D-optimal design with several quantitative factors and multi-level qualitative factors was selected for experimental screening to reveal significant factors influencing the analysis of DHA, adenine, adenosine, 2-deoxyandenosine, inosine, 2-deoxyinosine and hypoxanthine in human urine by UPLC-MS/MS. Significant factors were studied via central composite face design and related to sensitivity, resolution and retention time utilizing PLS-regression. Urine samples from APRTd patients and healthy controls before and after treatment were analyzed with the optimized UPLC-MS/MS assay.
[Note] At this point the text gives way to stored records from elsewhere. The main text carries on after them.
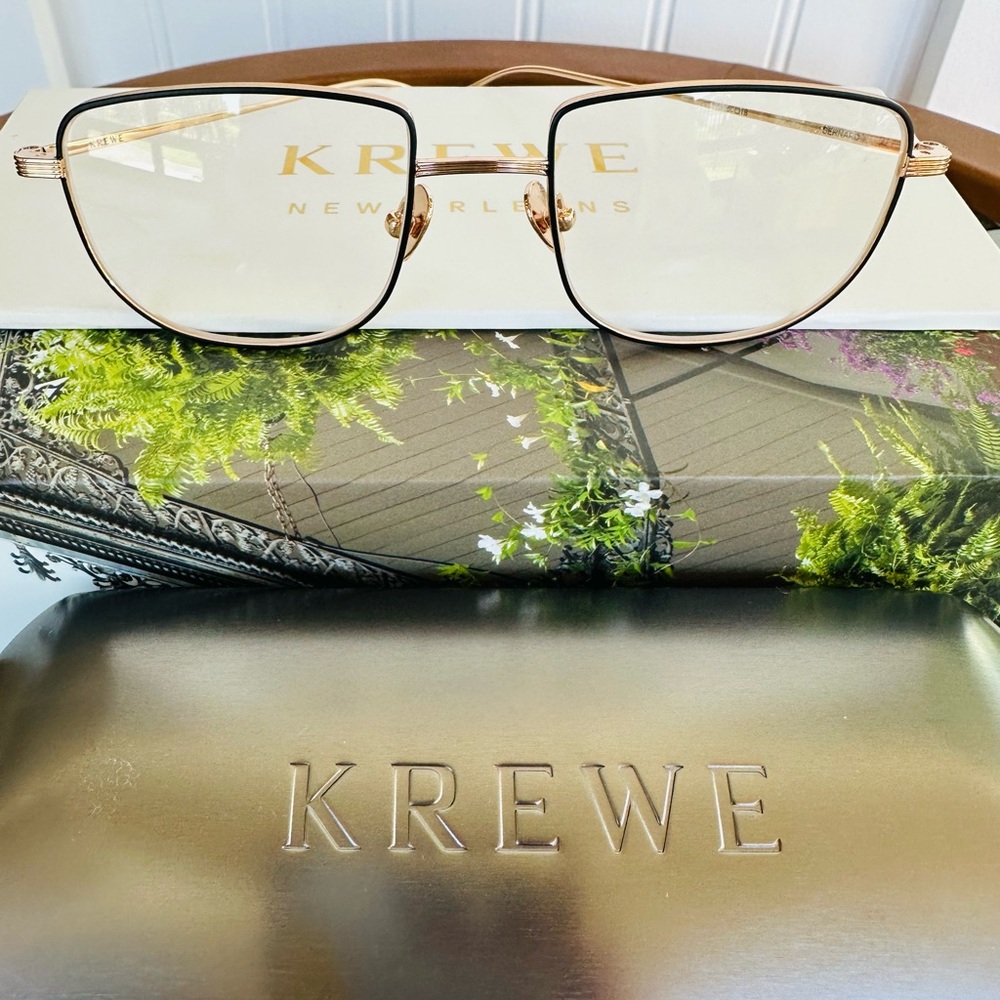 KREWE Gold Eyeglasses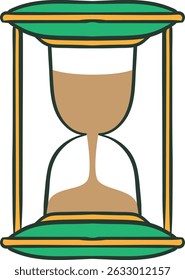 Cartoon hourglass vector, perfect for time, countdowns, deadlines, productivity, and educational or game-themed designs. Isolated on white
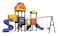 Rainbow Toys - Outdoor Children Playground Set Garden Climbing frame Swing Slide 7.3 * 7 * 4 Meter RW-11030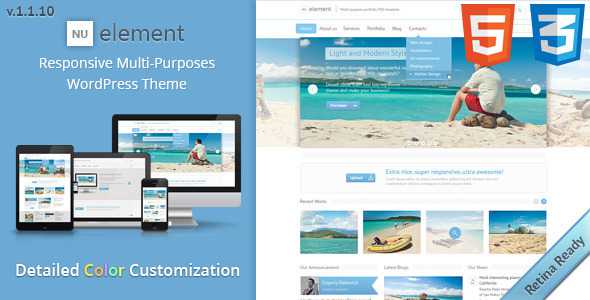 NuElement - Themeforest Responsive Multi-Purposes WP Theme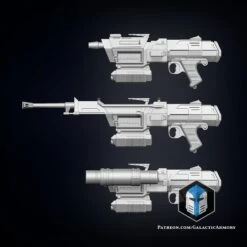 DC-17M Republic Commando Blaster - 3D Print Files 14 DC-17M Republic Commando Blaster - 3D Print Files -Galactic Armory Store DC 17MBlaster 5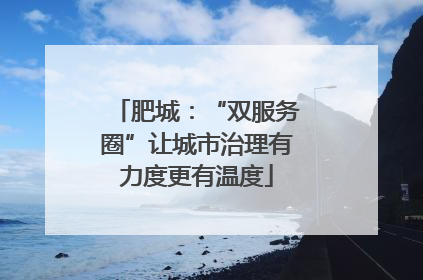 肥城：“双服务圈”让城市治理有力度更有温度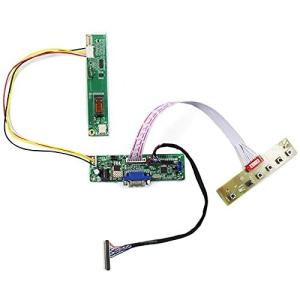 VSDISPLAY 小型基盤 VGA信号入力 LCDコントローラ基板 対応14.1 15.4インチ LVDSインタフェース 液晶パネル 1280x800 1CCFL
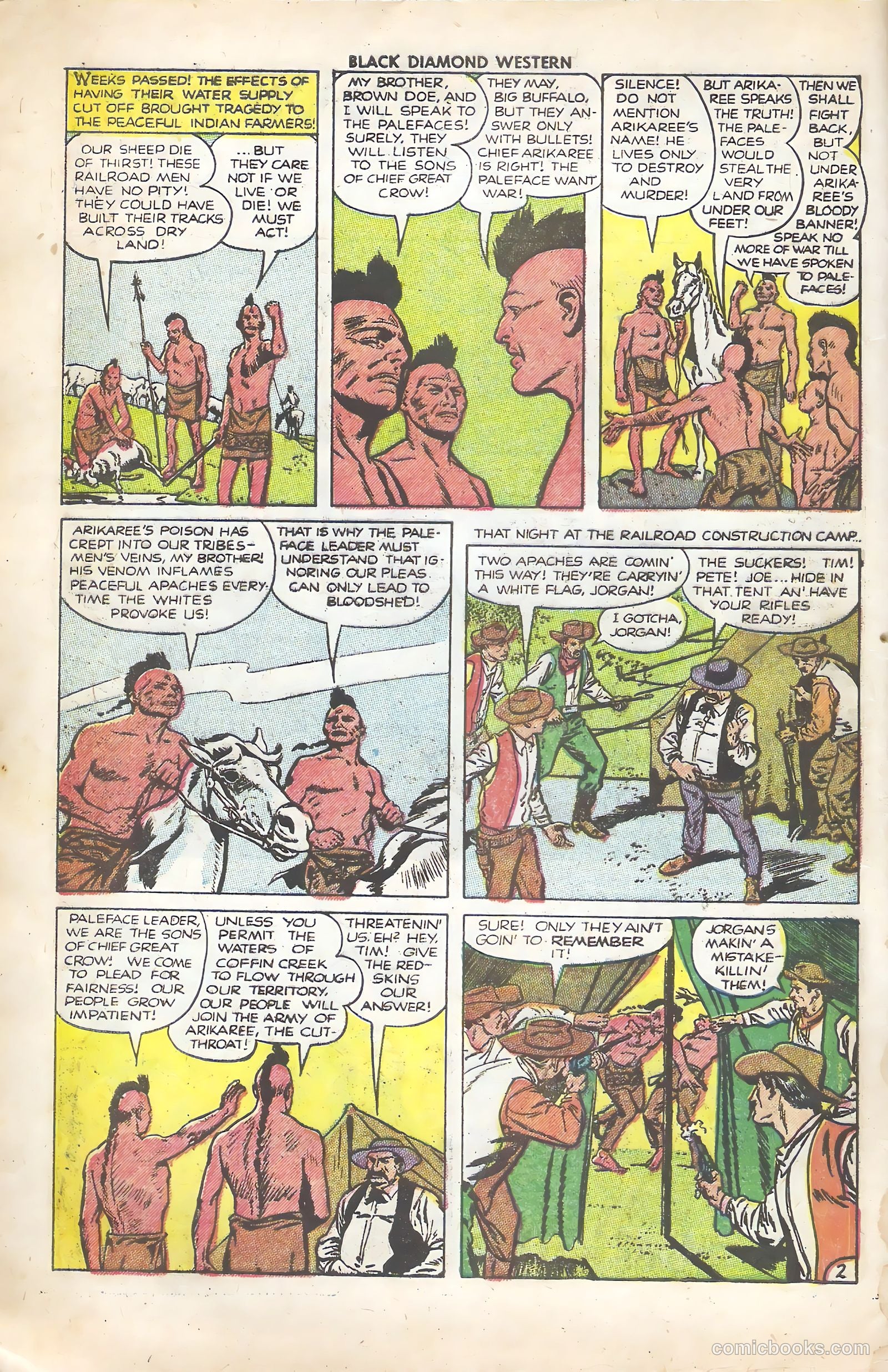 Black Diamond Western #33 (1952) — page 4 of 36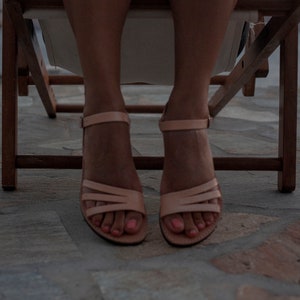 Griechische sandalen roman sandals natural color sandal image 3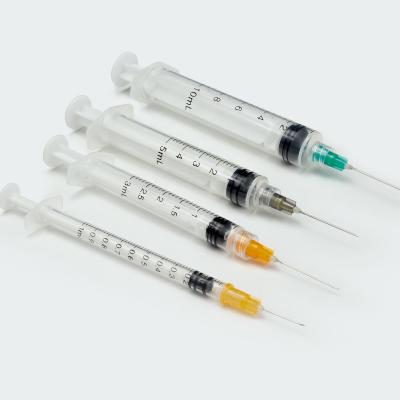 China Clinic CE Approved Auto Disabled Retractable Syringe With 1/3/5/10ml Needle for sale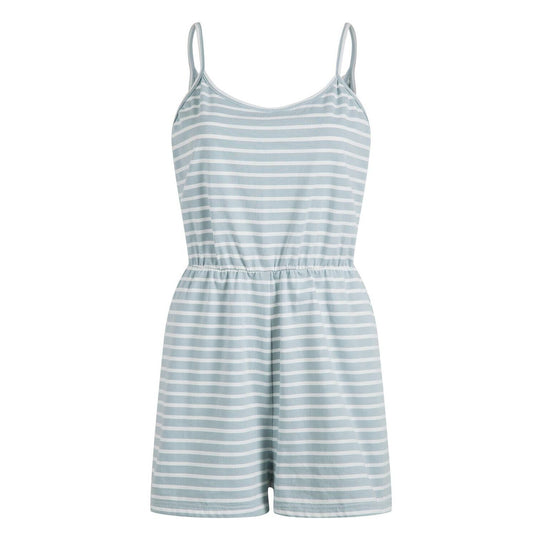 Damen stylischer Jumpsuit mit verstellbaren Trägern und Gummizug in der Taille Shopnory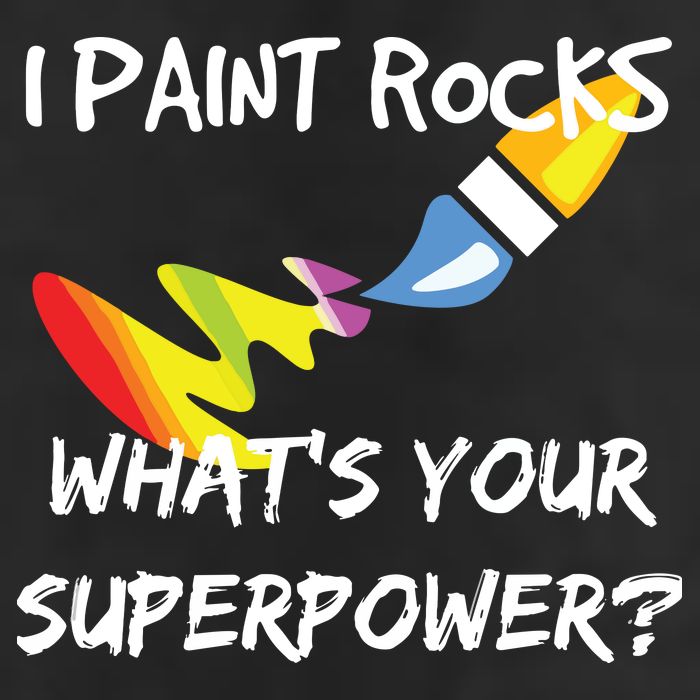 Rock Painting Funny I Paint Rocks Superpower Gift Cool Comfort Performance Bucket Hat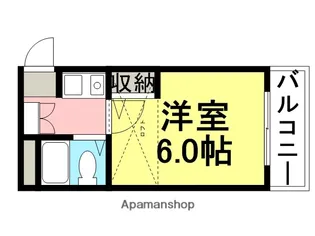 サンパレス21南武庫之荘【203号室】の間取り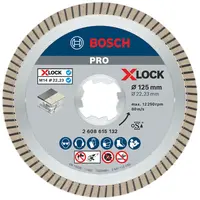 Диск диамантен за сухо рязане Bosch на керамика, теракот и фаянс  125 мм, 22.23 мм, 1.4 мм, PRO Ceramic X-Lock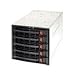 SUPERMICRO 5-Bay Hot-Swap SATA Mobile Rack Fits in 3 5.25-in Drive System Cabinet - Black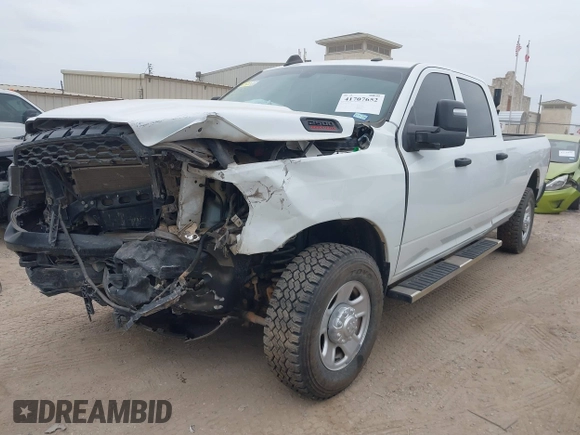 2023 Ram 2500 Tradesman with VIN 3C6UR5HJ2PG631377, listed as a IAAI auction lot 41707652 with 38,564 mi miles. Bid and sale history available at carsss.com. Image 16.
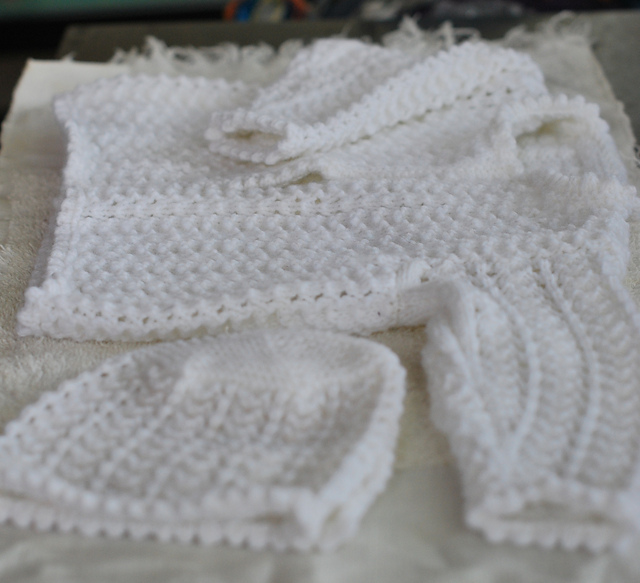 Lace Jacket, Bonnet and Booties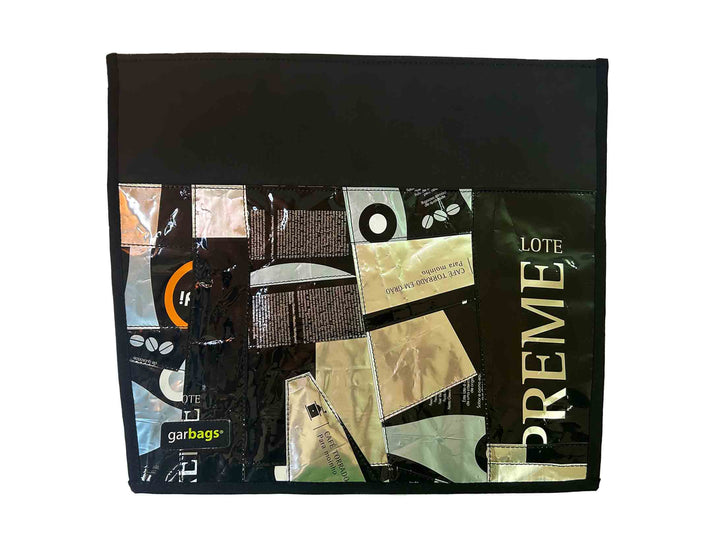 extraflap XL coffee packages black patchwork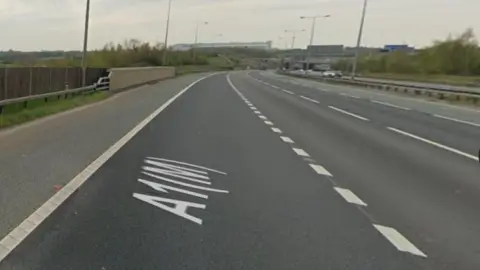 A Google Street View image of the A1(M) southbound near junction 41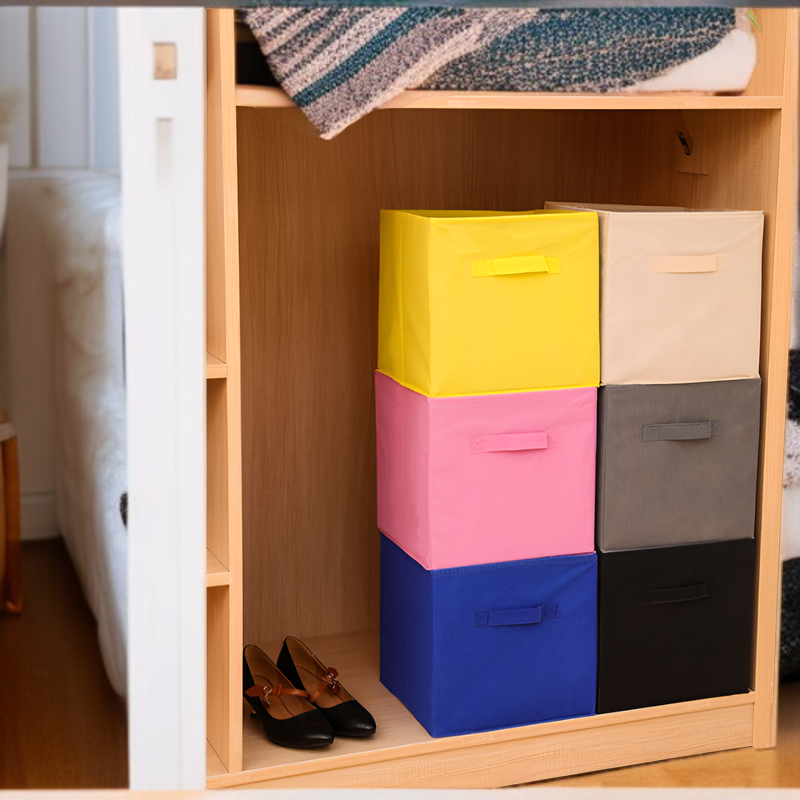 Robuste und faltbare Stoffbox für Ordnung im Schlafzimmer
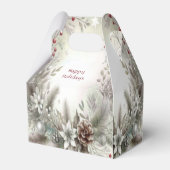 Kerstvakantie Cadeaubox Bedankdoosjes (Achterkant)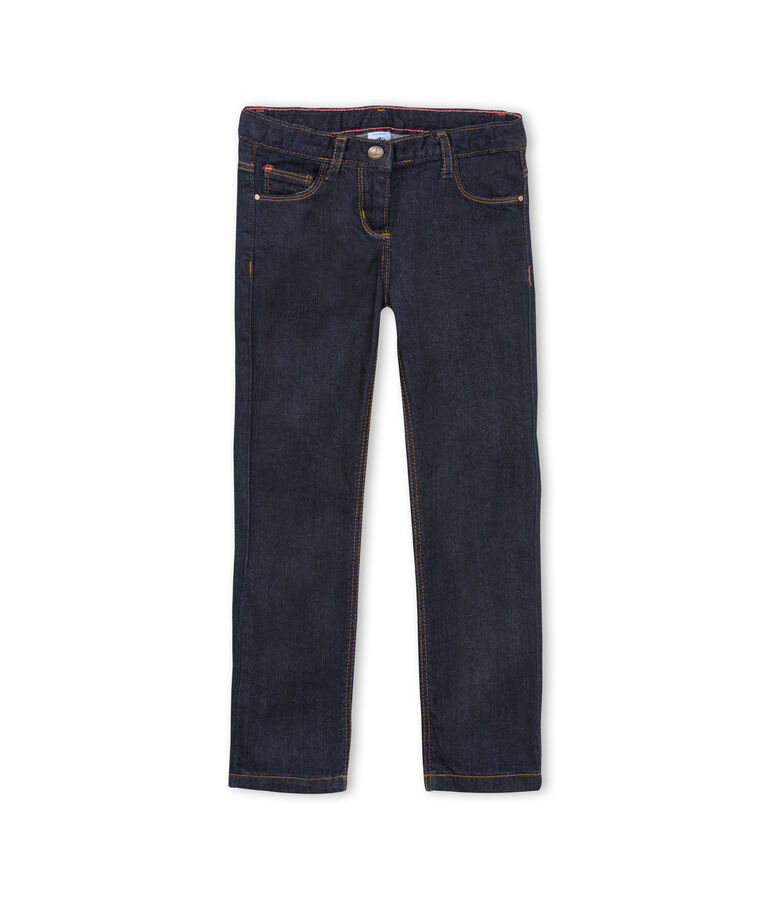 Pantal&oacute;n vaquero infantil para ni&ntilde;a azul Jean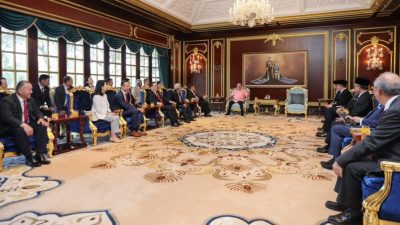 新加坡中华总商会代表团访柔苏丹 大臣：访团实力雄厚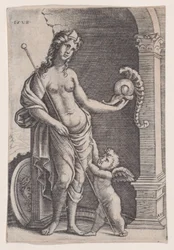 Die Liebe zum Ruhm, datiert 1528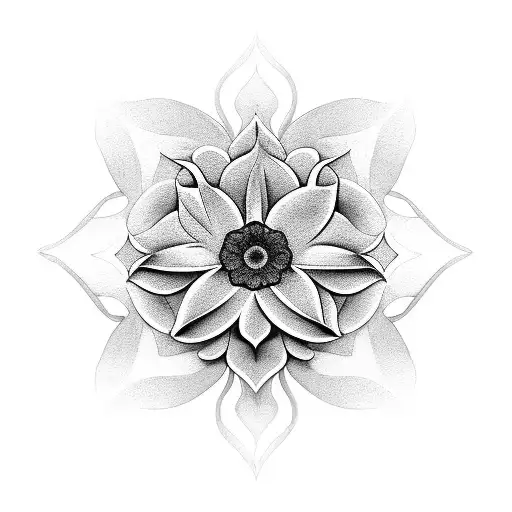 Negative Space Flowers Blackout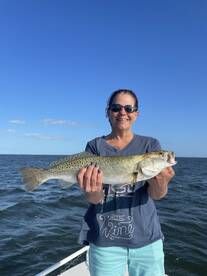 Good speckled trout action!!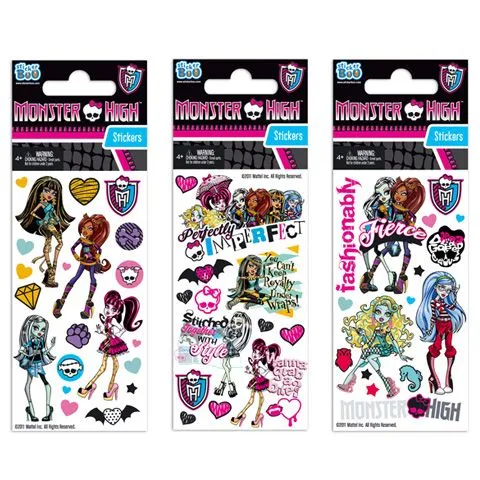 Monster High: Matricák 66x126mm Dekoráció, kifestõ Minitoys webáruház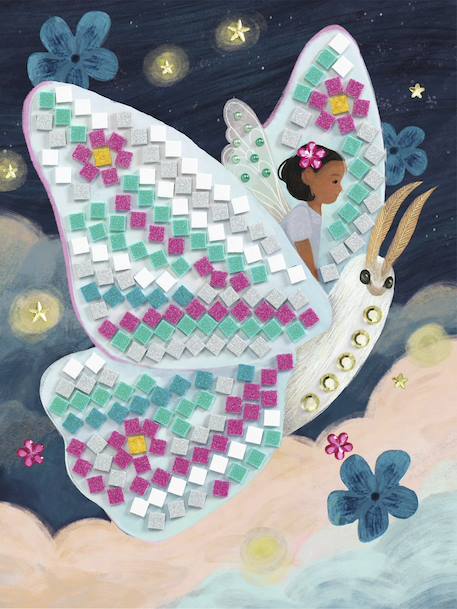 Kit Mosaïque-monde enchanté violet 3 - vertbaudet enfant 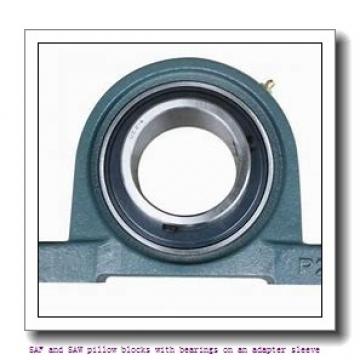 skf SSAFS 23052 KAT x 9.7/16 SAF and SAW pillow blocks with bearings on an adapter sleeve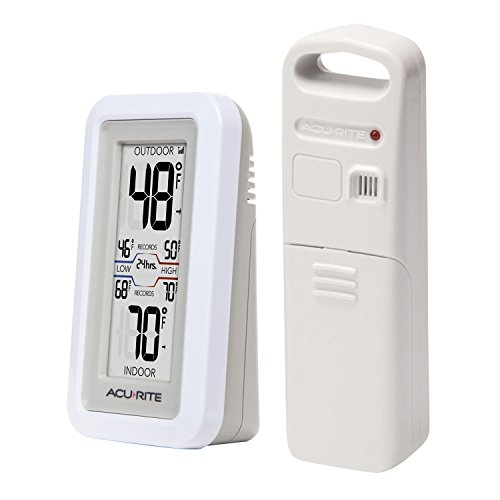 AcuRite 02049 Digital Thermometer with Indoor/Outdoor Temperature,White Pricepulse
A sensitive UPLC-MS/MS assay for simultaneous quantification DHA and the main purine metabolites was successfully optimized utilizing DoE. There was a strong interaction effect between several variables, indicating that these variables cannot be independently controlled to obtain optimal conditions. DHA was detected in all urine samples from untreated APRTd patients but not in any specimens from healthy controls. Significant changes were observed in the urinary excretion of DHA and adenine with drug therapy and DHA excretion in APRTd patients decreased with conventional doses of both allopurinol and febuxostat. Today the UPLC-MS/MS assay is used for clinical diagnosis and TDM of patients with the rare kidney stone disorder APRTd.

This study demonstrates the utilization of DoE in ensuring that selected experiments contain maximum information and optimization is conducted efficiently. We believe the optimized clinical UPLC-MS/MS assay will greatly facilitate clinical diagnosis of patients with APRTd.

References

  1. Runolfsdottir H.L.; Palson R.; Augustdottir I.M.; Indridason O.S.; Edvardsson V.O. Kidney disease in adenine phosphoribosyltransferase deficiency. Am. J. Kidney Dis. 2015, 67, 431-438.
  2. Edvardsson V.O.; Runolfsdottir H.L.; Thorsteinsdottir U.A.; Augustdottir I.M.; Oddsdottir S.; Eiriksson F.; Goldfarb D.S.; Thorsteinsdottir M.; Palsson R. Comparison of the effect of allopurinol and febuxostat on urinary 2,8-dihydroxyadenine excretion in patients with Adenine phosphoribosyltransferase deficiency (APRTd): A clinical trial. Eur J Intern Med. 2018, 48, 75-79.